Kommt mir das jetzt nur so vor, oder wird hier echt die Meinung vertreten, die Geschwindigkeit sei das eigentliche Kriterium für das Spiel einer Chopin-Etüde.

Die Frage war doch "welche Etüde ist die schwerste" und nicht "welche Etüde ist die schnellste"... :rolleyes:
 
irgendwie komme ich hier nicht mehr mit...
aber was ich mir nun gar nicht vorstellen kann, ist die Möglichkeit, dass es gar keine Beziehnung zwischen Geschindigkeit (welche der böse Chopin nicht selten fordert) und so genannter Schwierigkeit bestünde...
das übersteigt meinen Horizont!
da gibt es doch eine alte nette Definition der Schwierigkeit (am Klavier), ein Russe (obgleich sein Name deutscher Herkunft) meinte mal: "so viele so schnelle so laute Töne wie möglich", sinngemäß jedenfalls - um die Uhrzeit kann ich nicht mehr akkurat zitieren
naiv wie ich bin, übertrage ich das mal auf die vielleicht leichte, vielleicht schwierige (da leg ich mich jetzt mal nicht fest) "Oktvenetüde" - ist die nun mit Achtel = 72 oder mit Halbe = 72 leichter, oder richtiger, oder schwieriger?
"bettwärts wird das beste sein" (Burgess, a clockwork orange)
gute nacht, Rolf
 
ketzerisch gedacht: was wäre, die würden klingen wie man sie kennt (aus den vielen schönen Aufnahmen), aber sie wären kinderleicht -- möchte man sie dann auch spielen und besprechen?...

Hallo Rolf,

Auch wenn sie kinderleicht wären, würde ich sie auch spielen wollen. Ich spiele sie nicht, weil sie schwer sind, sondern weil ich die Musik der Etüden liebe.

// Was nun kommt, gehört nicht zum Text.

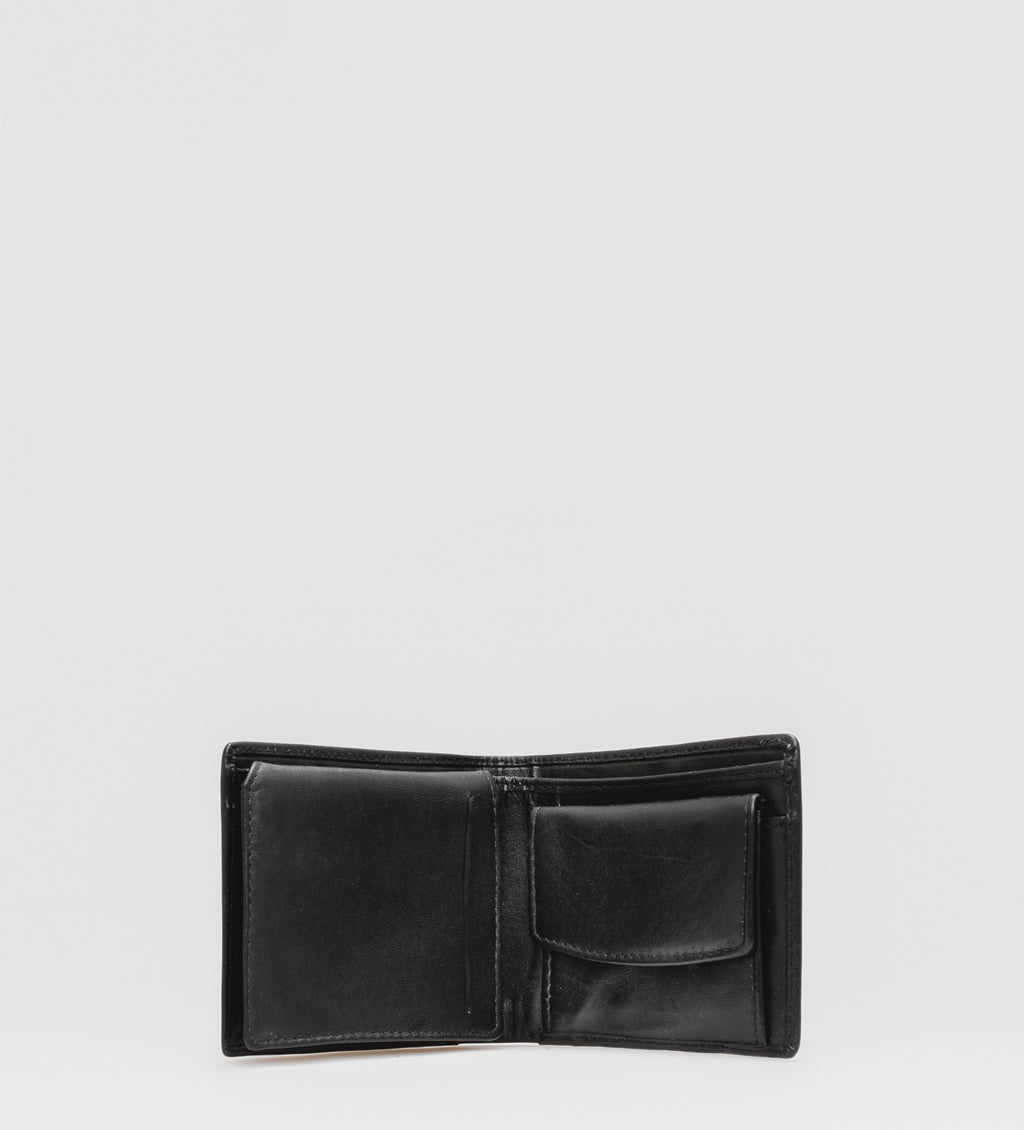 Montana est. 1957 Lille dollar pung Wallet Black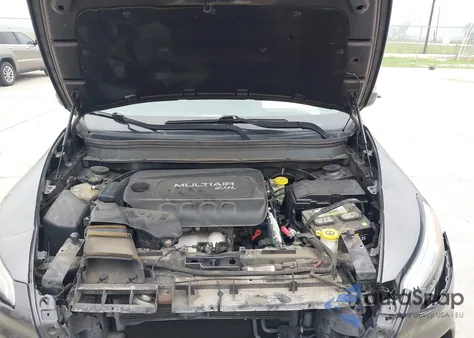 2015 Jeep Cherokee Latitude from USA, damaged, VIN 1C4PJLCBXFW711639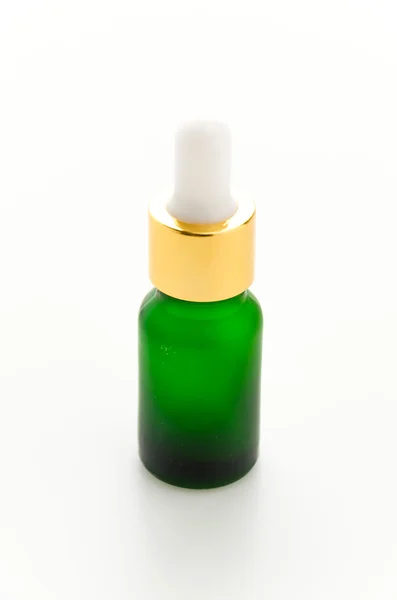 Kosmetika láhve — Stock fotografie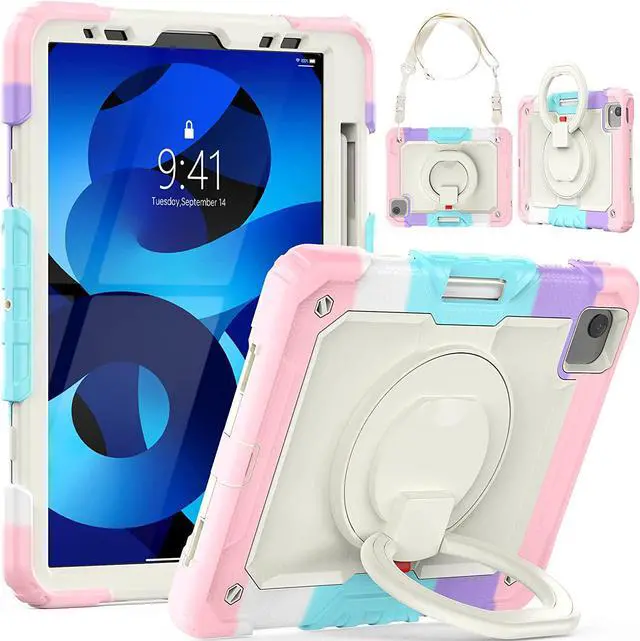 Main image of iPad Air 5th/4th Generation Case, iPad Air 5 Case 2022, iPad Air 4 Case 2020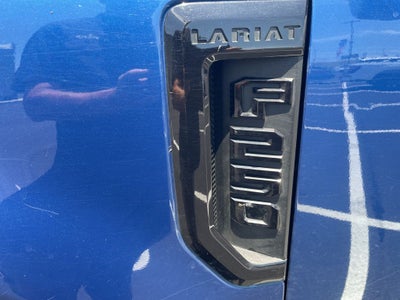2022 Ford F-250SD Lariat
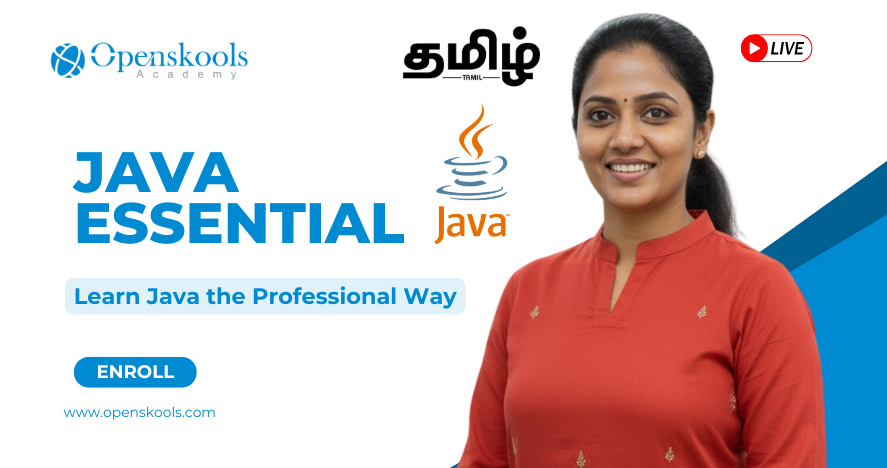 Java Essential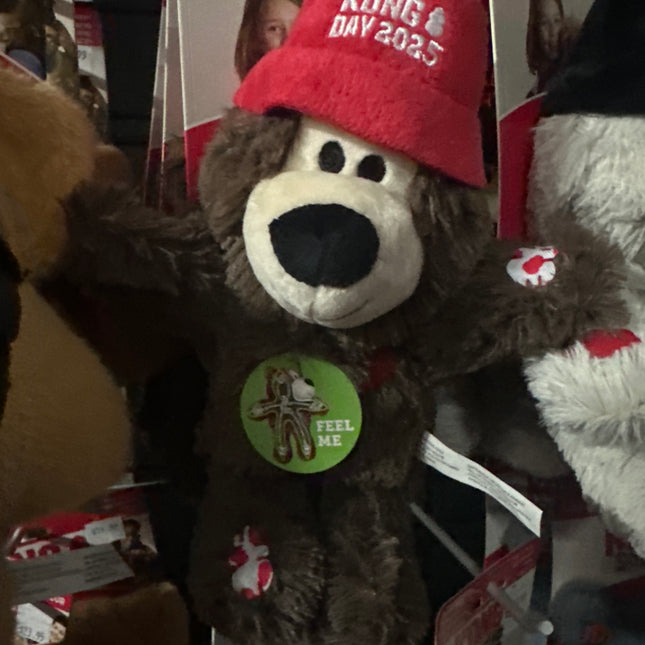 Kong day 2025 Teddy knots image 1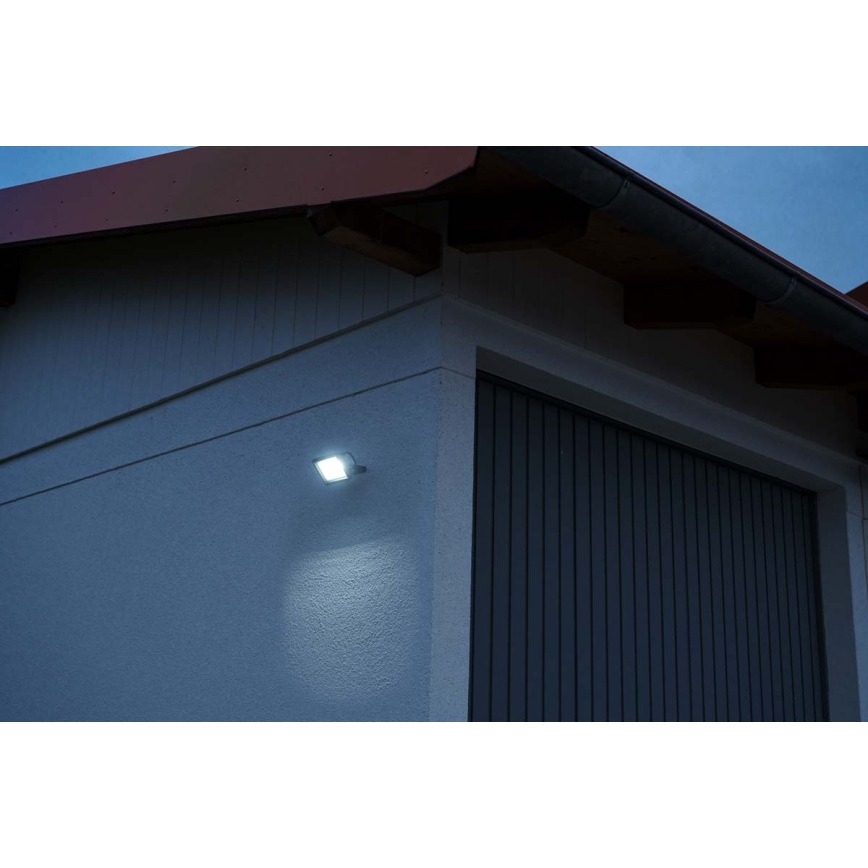 Brennenstuhl - Proyector LED de exterior LED/20W/230V 6500K IP65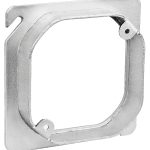 Garvin Southwire 4 Square To Octagon Device Ring 1-1/4 Inch Raised (52C4-1-1/4)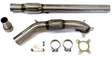 ARM Motorsports® Volkswagen CC/EOS/Golf/Passat 304SS 3" Catted Down Pipe Kit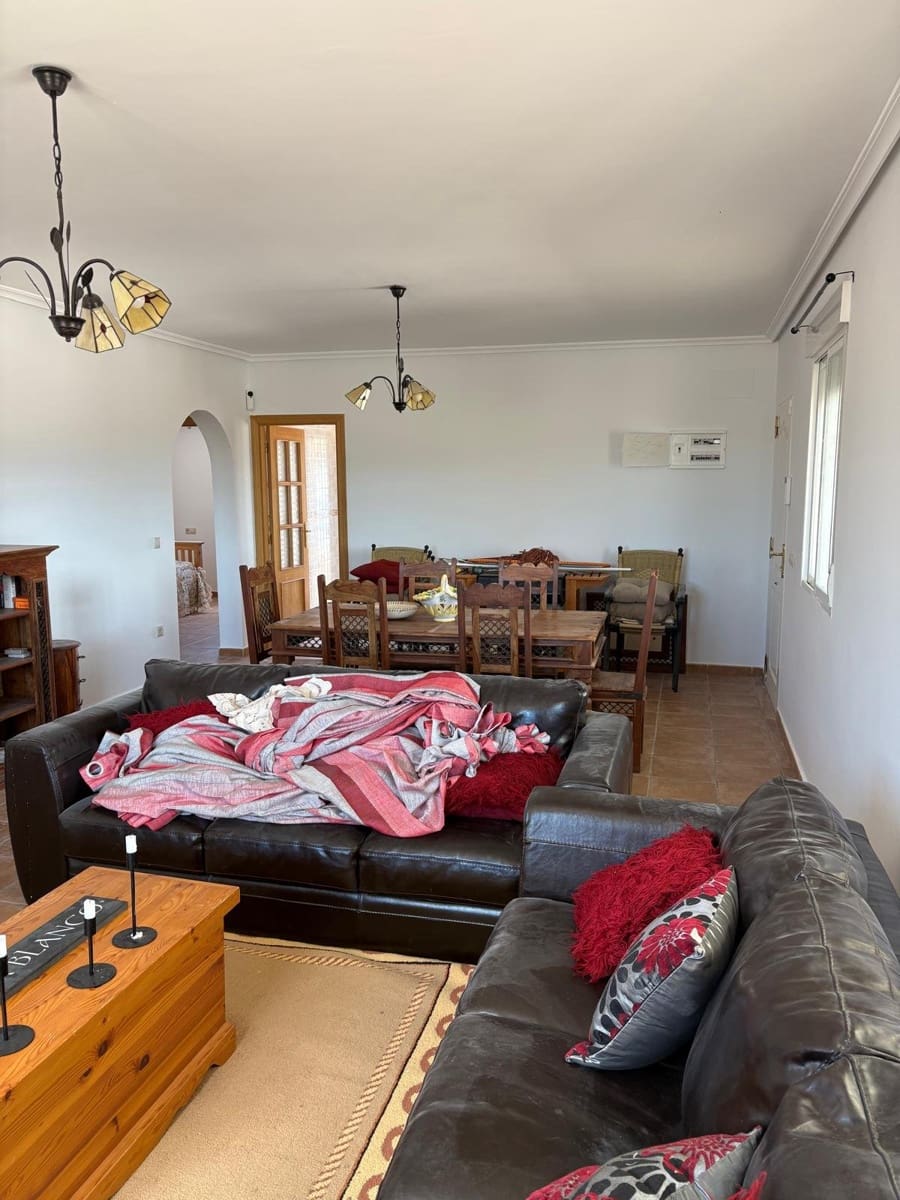 3 sovrum Villa till salu i Monovar / Monover med pool - 310 000 € (Ref: 9795717)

Meine Lieblingsetüden, die ich immer wieder übe, sind:

op. 25 Nr. 1, Nr. 7 und Nr. 12

Mir ist nicht wichtig, ob das Musikstück sehr schwer oder leicht ist: Ich spiele und schätze z. B. den a-moll Walzer von Chopin genauso, wie z. B. die Liszt Tarantella oder Rachmaninoff Etude Tableau.

Mir geht es nicht darum, ob ein Stück schwer ist, sonst würde ich die h-moll Sonate von Liszt üben, sondern ob mir das Stück gefällt, egal ob kinderleicht oder schwer.

Liebe ich das Klavierstück, spiele ich beides (schwer und leicht) ;)

Liebe Grüße, Mario
 
da gibt es doch eine alte nette Definition der Schwierigkeit (am Klavier), ein Russe (obgleich sein Name deutscher Herkunft) meinte mal: "so viele so schnelle so laute Töne wie möglich",

rolf, ich kann mir nicht vorstellen, daß diese Bemerkung ernst gemeint war. Weder von dir noch von dem Russen deutscher Herkunft, egal wer es war.

Wenn wir hier darüber diskutieren, welche Chopin-Etüde die schwerste ist, dann sollten wir doch auch darüber reden, was die spezielle Schwierigkeit jeder einzelnen Etüde ist. Ansonsten kommen wir zwangsläufig zu der oben zitierten, fragwürdigen "Definition" von Schwierigkeit.
 
Heinrich Neuhaus meinte doch nur, dass die größte Schwierigkeit darin besteht, sehr lange, sehr schnell und sehr laut zu spielen.
Dazu passt ja auch Rolfs Beispiel der Oktavenetüde.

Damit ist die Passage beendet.